After a random encounter with Equal Rites in the local library I eagerly devoured Pratchett for the next twenty years or so, snapping the books up as they came out.  Naturally I even met him once, popping into the Worcester branch of Waterstones after watching the 1995 FA Cup final.  I’m sure he’d heard it a million times but I still got to say thank you, which perhaps matters as much to the fan as to the writer. My wife could go one better, having run the Concussion convention in Cardiff with Pratchett and Neil Gaiman and having plenty of anecdotes about it (minor one: that convention apparently inspired Soul Music, certainly one of my wife’s very good friends is the inspiration for Death’s daughter Susan).  In the social media age the death of the author** has become a mass wake, the modern equivalent of sitting round the campfire and retelling our stories and I spent much of Friday reading through and listening to tributes.  And virtually all of them had some little nugget of truth in, some insight what made Pratchett so popular.  My favourite was a simple one, and one in the relatively quiet corner of the internet that’s my Facebook page.  It came from an old schoolmate of mine, who reminded me that decades ago I’d  pressed a copy of The Colour of Magic on him and insisted he read it.  On the Friday he said that this was what had properly got him into reading, something he hadn’t enjoyed doing before.  Obviously this was a grand and glorious compliment to my good taste, equally obviously it was also a bigger compliment to the quality of Pratchett’s books. By opening up the vistas of literature, a gateway to stories, he made my friend a little wiser and more joyful.  And ultimately that’s his finest legacy.  No-one’s ever been made stupider by reading a Pratchett book and Pratchett never lied to his readers, even when it might have been of comfort. 
Ultimately he knew that life always went on, even when individual lives didn’t.  And in this case his books will always be there, sentient missives from Pratchett’s mind, as alive and dangerous as any in the Unseen University library.  They’ll always be there ready to take the unwary mind through the deep dark forest, but crucially always ready to lead them out again, to remind us that if you know what it looks like, and you look hard enough, you can find light.*** Somewhere, in the corner of millions of mind, there’s a little Pratchett amused at our failing and railing against our stupidity.

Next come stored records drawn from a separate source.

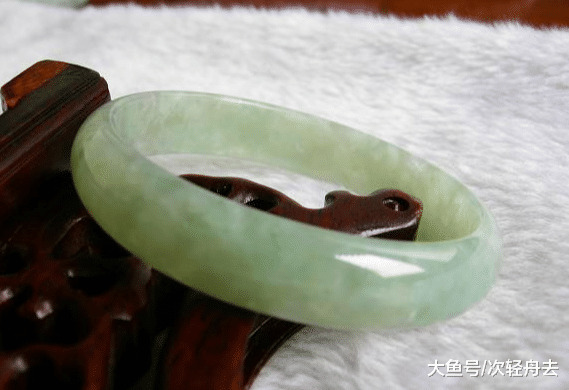 ＂翡翠的价值到底有多高，带你看看那些天价翡翠＂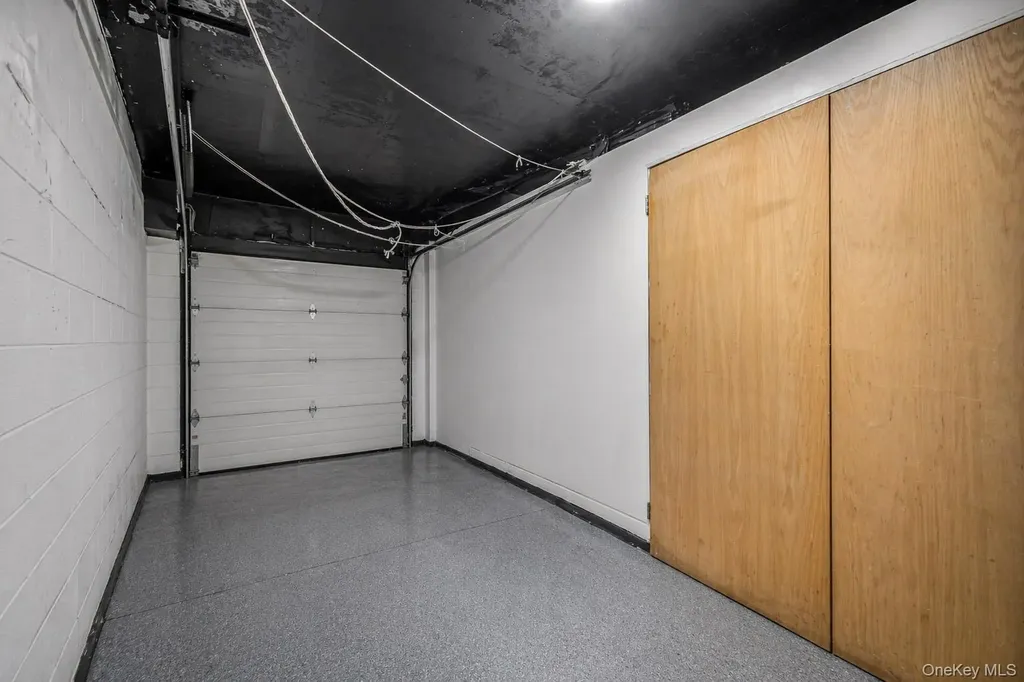 4044 Harper Avenue Bronx NY 10466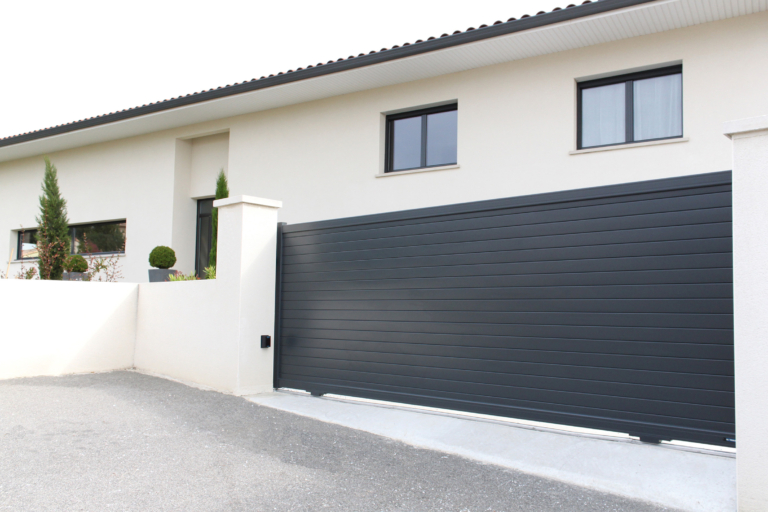 Portail battant anthracite plein, photo La Toulousaine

And for that little Pratchett in the corner of my mind, I’m profoundly grateful.


* This is where he differs from fellow Wodehousian descendant Douglas Adams.  Adams provides the same sort of absurd angles as Pratchett but, until Last Chance To See converts him to the cause of conservationism, restricts himself to pointing out humanity’s foolishness.  Pratchett tells you why foolishness, stupidity and ignorance are bad and dangerous things and why they need stamping out.

** Actual death rather than amusing conceptual corner of postmodernism   

*** Assuming you’re not stuck down a mine without a lamp.